Oxford Heart Centre, Oxford University Hospitals NHS Foundation Trust, Oxford, UK.
Cardiology, University Hospitals Birmingham NHS Foundation Trust, Birmingham, UK.
Heart. 2024 Aug 14;110(17):1099-1106. doi: 10.1136/heartjnl-2022-322001.
Severe secondary mitral regurgitation carries a poor prognosis with one in five patients dying within 12 months of diagnosis. Fortunately, there are now a number of safe and effective therapies available to improve outcomes. Here, we summarise the most up-to-date treatments. Optimal guideline-directed medical therapy is the mainstay therapy and has been shown to reduce the severity of mitral regurgitation in 40-45% of patients. Rapid medication titration protocols reduce heart failure hospitalisation and facilitate earlier referral for device therapy. The pursuit of sinus rhythm in patients with atrial fibrillation has been shown to significantly reduce mitral regurgitation severity, as has the use of cardiac resynchronisation devices in patients who meet guideline-directed criteria. Finally, we highlight the key role of mitral valve intervention, particularly transcatheter edge-to-edge repair (TEER) for management of moderate-severe mitral regurgitation in carefully selected patients with poor left ventricular systolic function, with a number needed to treat of 3.1 to reduce heart failure hospitalisation and 5.9 to reduce all-cause death. To slow the rapid accumulation of morbidity and mortality, we advocate a proactive approach with accelerated medical optimisation, followed by management of atrial fibrillation and cardiac resynchronisation therapy if indicated, then, rapid referral to the Heart Team for consideration of mitral valve intervention in patients with ongoing symptoms and at least moderate-severe mitral regurgitation. Mitral TEER has been shown to be 'reasonably cost-effective' (but not cost-saving) in the UK in selected patients, although TEER remains underused with only 6.5 procedures per million population (pmp) compared with Germany (77 pmp), Switzerland (44 pmp) and the USA (32 pmp).

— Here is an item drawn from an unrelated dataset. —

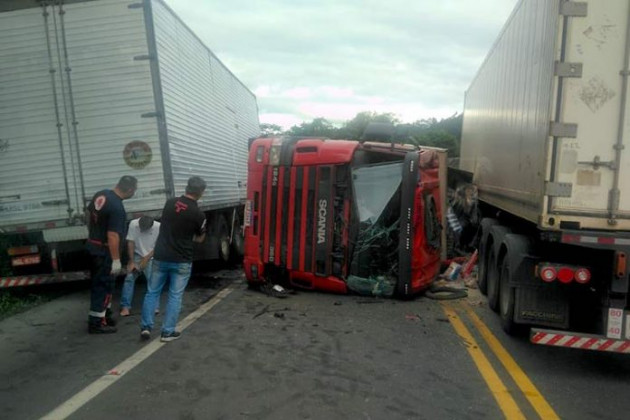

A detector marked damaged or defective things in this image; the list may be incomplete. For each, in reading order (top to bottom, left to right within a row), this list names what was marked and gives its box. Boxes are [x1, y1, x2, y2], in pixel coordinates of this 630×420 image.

overturned red truck cab [244, 136, 446, 296]
overturned truck cab window [348, 161, 402, 296]
shattered windshield [350, 161, 404, 296]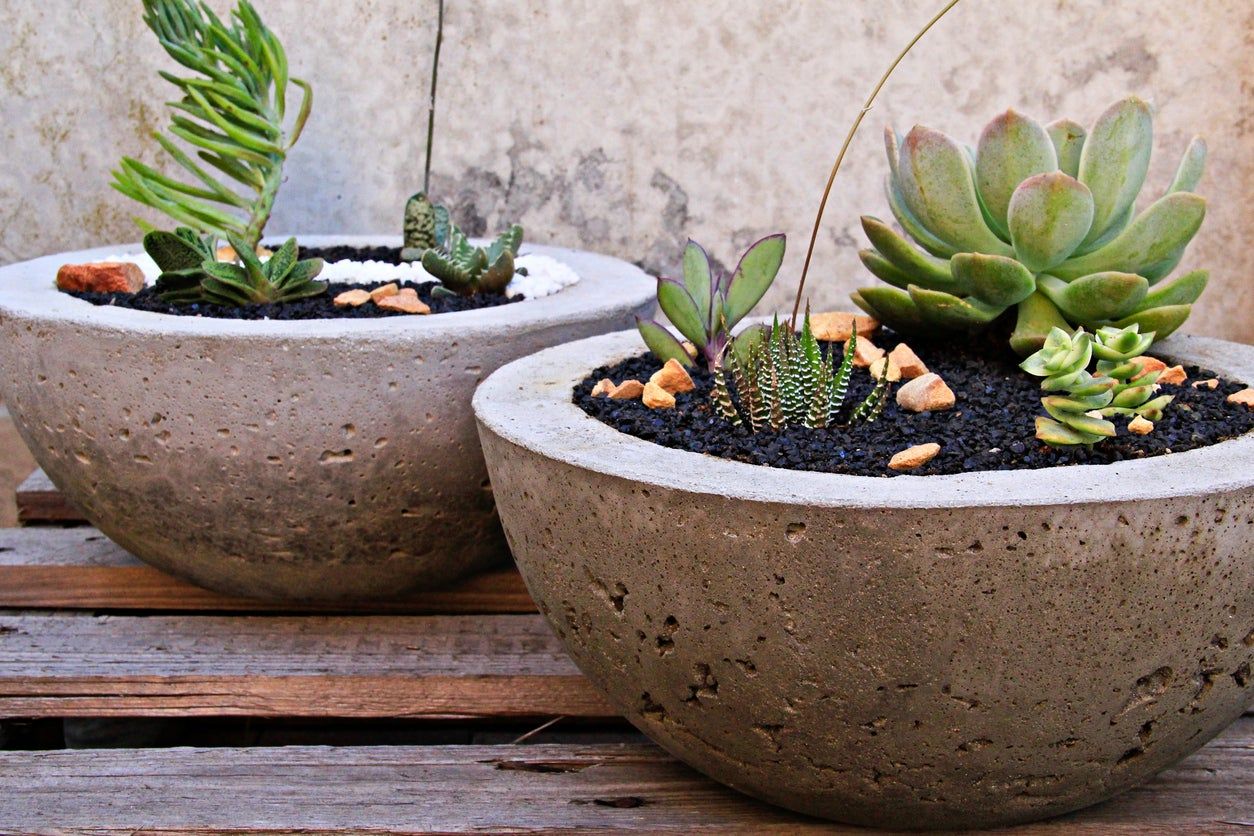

严重的二尖瓣反流预后不良,五分之一的患者在诊断后 12 个月内死亡。幸运的是,现在有许多安全有效的治疗方法可以改善预后。在这里,我们总结了最新的治疗方法。最佳指南导向的药物治疗是主要的治疗方法,已经证明可以使 40-45%的患者的二尖瓣反流程度减轻。快速药物滴定方案可减少心力衰竭住院次数,并促进更早转介进行器械治疗。在有房颤的患者中追求窦性心律已被证明可显著降低二尖瓣反流程度,而在符合指南指导标准的患者中使用心脏再同步治疗设备也是如此。最后,我们强调了二尖瓣介入治疗的关键作用,特别是在精心挑选的左心室收缩功能差的中度至重度二尖瓣反流患者中,经导管缘对缘修复(TEER)可治疗,其治疗需要数为 3.1 可减少心力衰竭住院次数,5.9 可减少全因死亡。为了减缓发病率和死亡率的快速积累,我们提倡采取积极主动的方法,加速药物优化,然后管理房颤和心脏再同步治疗,如果有必要,然后迅速将患者转介给心脏团队,考虑对有持续症状和至少中度至重度二尖瓣反流的患者进行二尖瓣介入治疗。在英国,二尖瓣 TEER 已被证明在某些患者中具有“合理的成本效益”(但不是节省成本),尽管与德国(77 pmp)、瑞士(44 pmp)和美国(32 pmp)相比,TEER 的使用率仍然较低,每百万人中只有 6.5 例(pmp)。